Nie było żadnych masowych grobów dzieci. Przekaz poszedł jednak w świat

Nie liczy się prawda. Ważna jest narracja. Ona prawdę zastępuje. Pisali o tym Lenin, Goebbels, z powodzeniem wprowadzając idee w życie. To naczelna zasada agresywnych formacji liberalnych i lewackich.

Tą zasadą posiłkowały się w przeszłości wszystkie największe światowe totalitaryzmy, z marksizmem na czele. Do niego nawiązuje dziś wprost postępowa lewica.

Wiele już zostało napisane o filmie „Zielona granica”. O przekłamaniach i manipulacjach wygenerowanych na polityczne zamówienie. Nie liczy się prawda obiektywna, sprawiedliwość, protesty Straży Granicznej, mieszkańców Podlasia - ważna jest hagada Agnieszki Holland. I to owa opowieść, nie fakty, zastępuje rzeczywistość. Podobnie dzieje się podczas demonstracji politycznych i na wiecach wyborczych, manifestach wygłaszanych w studiach telewizyjnych - jeśli wypowiadane hasła nie zgadzają się z prawdą, tym gorzej dla prawdy. Zawsze celem owego zakłamywania jest władza.

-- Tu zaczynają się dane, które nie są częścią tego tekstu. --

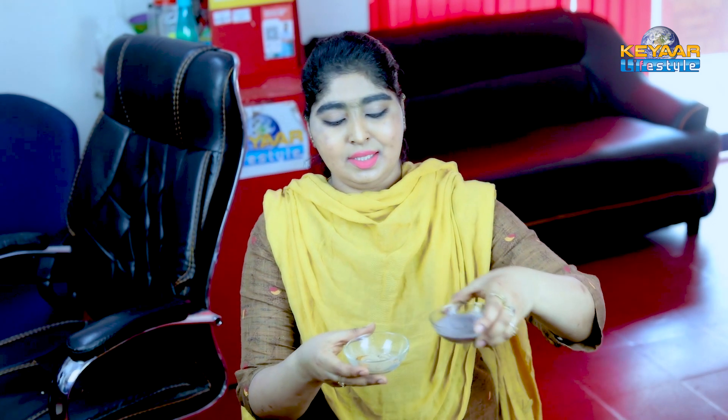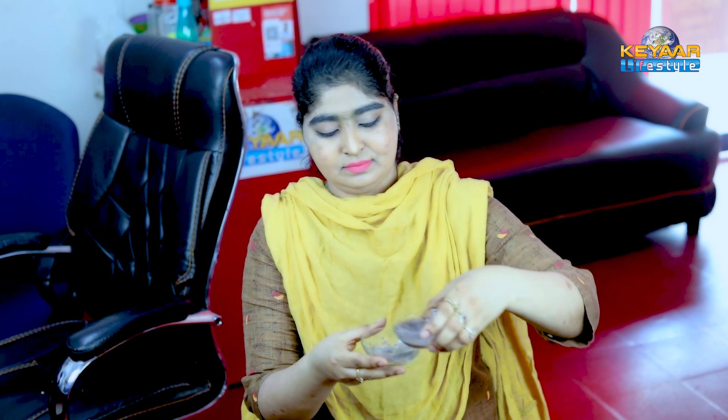Next, we will add the paste. Now we will mix in the face pack. Now we will cover the face pack.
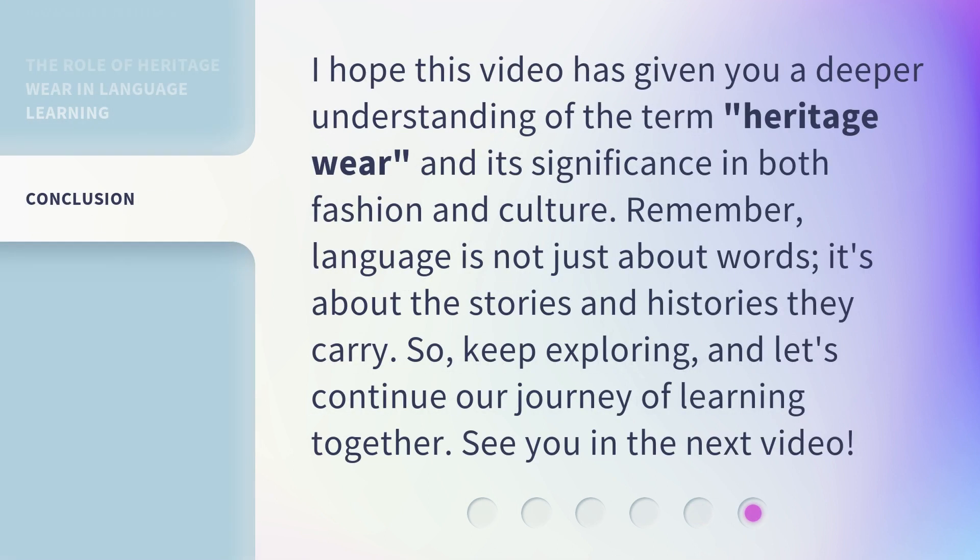I hope this video has given you a deeper understanding of the term heritage wear and its significance in both fashion and culture. Remember, language is not just about words — it's about the stories and histories they carry. So keep exploring, and let's continue our journey of learning together. See you in the next video.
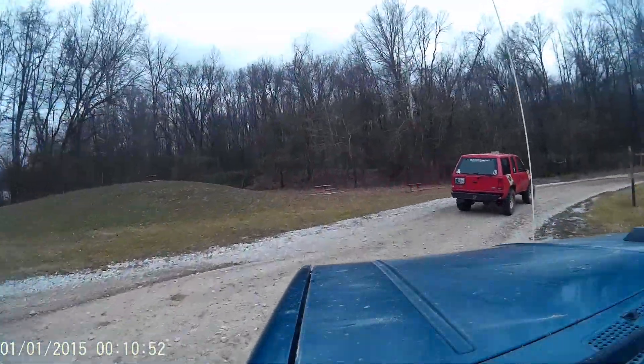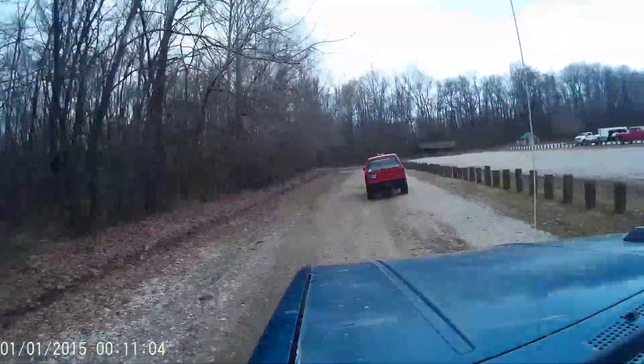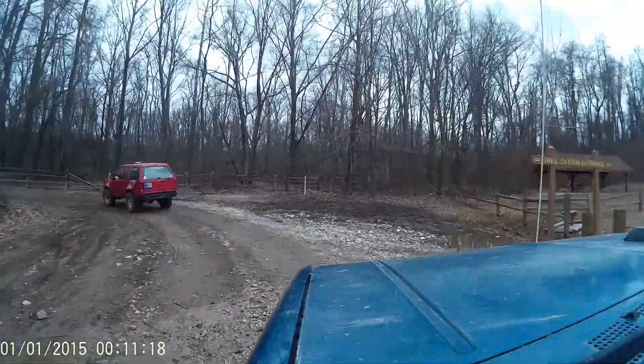Welcome to Redbird, March 2nd, 2019. Explorer 1 in the front, Explorer 2 in the back. Let's see what happens.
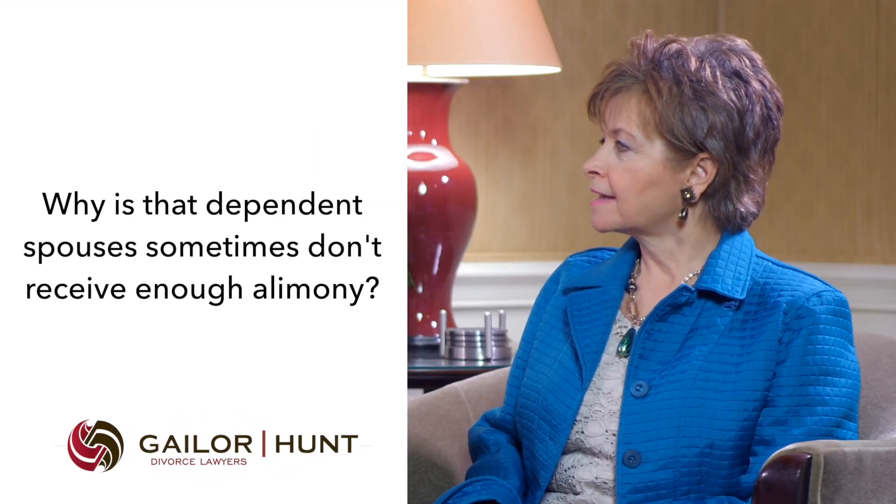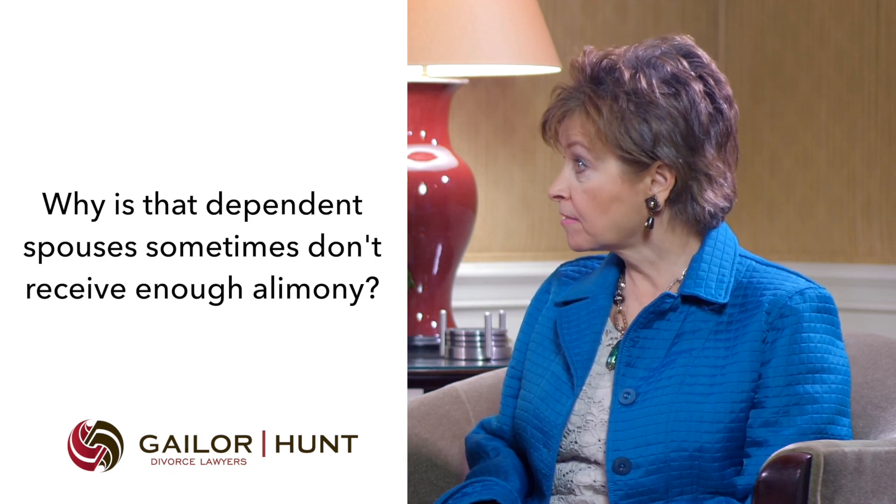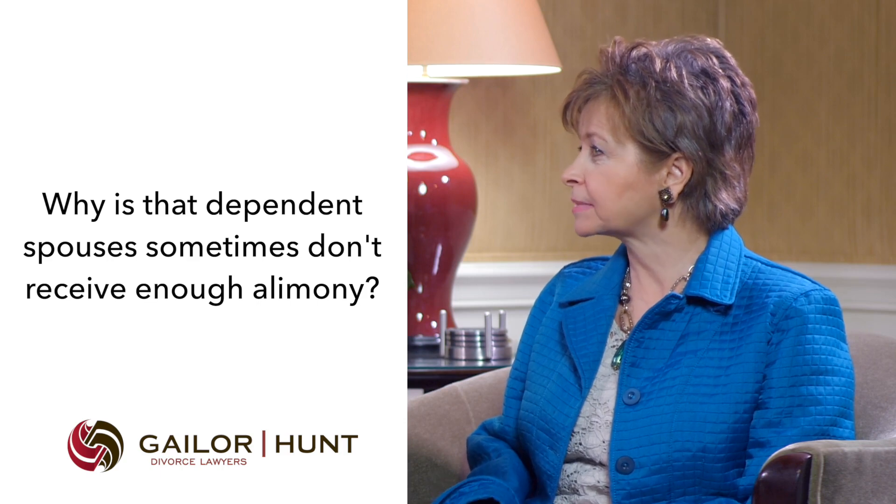I've heard stories many times about dependent spouses that did not receive enough alimony to continue their standard of living. Why does that happen? Well, Janice, the reality is times have changed, and a lot of dependent spouses who stayed home to care for the children during the marriage have an education level and prior career that enables them to reenter the workforce after the marriage. Another consideration is the supporting spouse simply doesn't have the ability to pay sufficient alimony to maintain both households at the same standard. And another really important consideration is the cost of trial, which may make it expedient for the parties to settle on an alimony amount that's different from what they may get in court due to the cost of getting there.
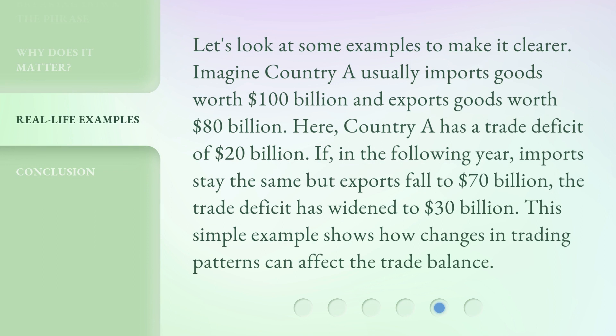Let's look at some examples to make it clearer. Imagine country A usually imports goods worth $100 billion and exports goods worth $80 billion. Here, country A has a trade deficit of $20 billion. If, in the following year, imports stay the same but exports fall to $70 billion, the trade deficit has widened to $30 billion. This simple example shows how changes in trading patterns can affect the trade balance.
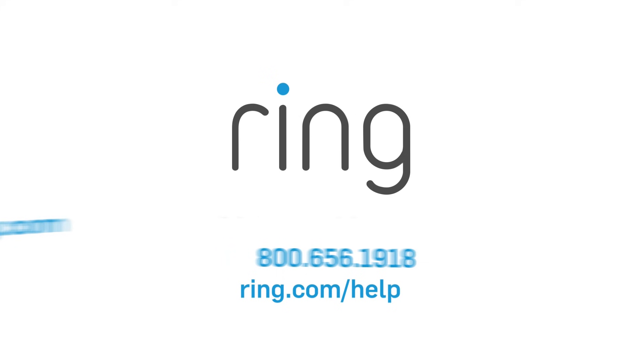With Ring, you're always on. I'll see you next time.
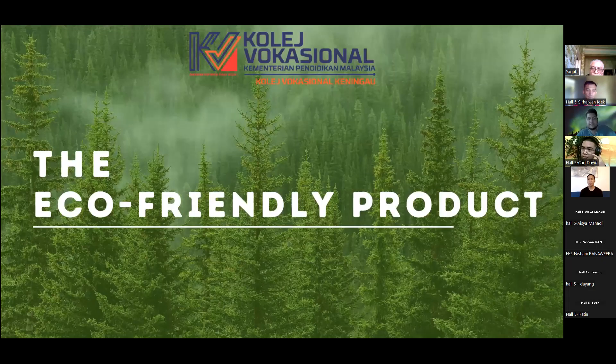Hello to everyone in this room. My name is Terry Christian, and I am from Keninga Vocational College, Sabah, Malaysia. Today, I will be presenting about eco-friendly products — protect yourself, and protect the planet.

Nie o filmie jednak chcę dziś napisać.

Sprawa nie jest nowa. Choć swego czasu pisało się o niej dużo, gdy okazała się mistyfikacją, niewiele mediów raczyło o tym wspomnieć. Warto do niej nawiązać, ponieważ stanowi modelowy przykład manipulacji, mających na celu uderzenie w konkretne środowisko.

Najpierw fakty

W 2021 r. Indianie z plemienia Tk'emlups te Secwepemc ogłosili, że posługując się radarem, odkryli masowe groby zwierające ciała 215 dzieci na terenie dawnej szkoły rezydencjalnej w Kamloops. Wkrótce potem pojawiły się informacje, przekazane przez plemię Cowessess, iż podobne makabryczne „znaleziska” zidentyfikowano na terenie szkoły w Saskatchewan (715 szkieletów), innych szkół katolickich z terenu Kanady. Media podjęły szybko temat (pomimo tego, że już wtedy pojawiały się przestrogi, iż bez dokładniejszych badań oskarżenia są nie do udowodnienia), zwielokrotniając liczbę rzekomych ofiar do dziesiątek tysięcy (!) i nakręcając antykatolicką histerię. Pojawiły się tezy o kościelnym ludobójstwie na rdzennych mieszkańcach Ameryki. W niezliczonej liczbie artykułów (publikowanych w Kanadzie i na całym świecie) zaczęto multiplikować informacje, iż dzieci zostały zamordowane, zadręczone przez swoich opiekunów: księży, zakonników i siostry zakonne oraz świeckich pracowników katolickich szkół. Pisano nawet o dzieciach wrzucanych do pieców i potajemnie zakopywanych w nieoznakowanych miejscach o północy, porównywano „ludobójstwo” do potworności zbiorowych mogił II wojny światowej. W nagonkę na Kościół włączyły się też władze Kanady - po opublikowaniu informacji o „masowych grobach” premier Justin Trudeau nakazał opuszczenie flagi narodowej do połowy masztów, oddał symboliczny hołd „ofiarom” w Saskatchewan - zdjęcia klęczącego premiera „przepraszającego świat za chrześcijańskie ludobójstwo” i krzywdy wyrządzone rdzennym mieszkańcom kontynentu, trzymającego w dłoniach pluszowego misia natychmiast obiegły świat.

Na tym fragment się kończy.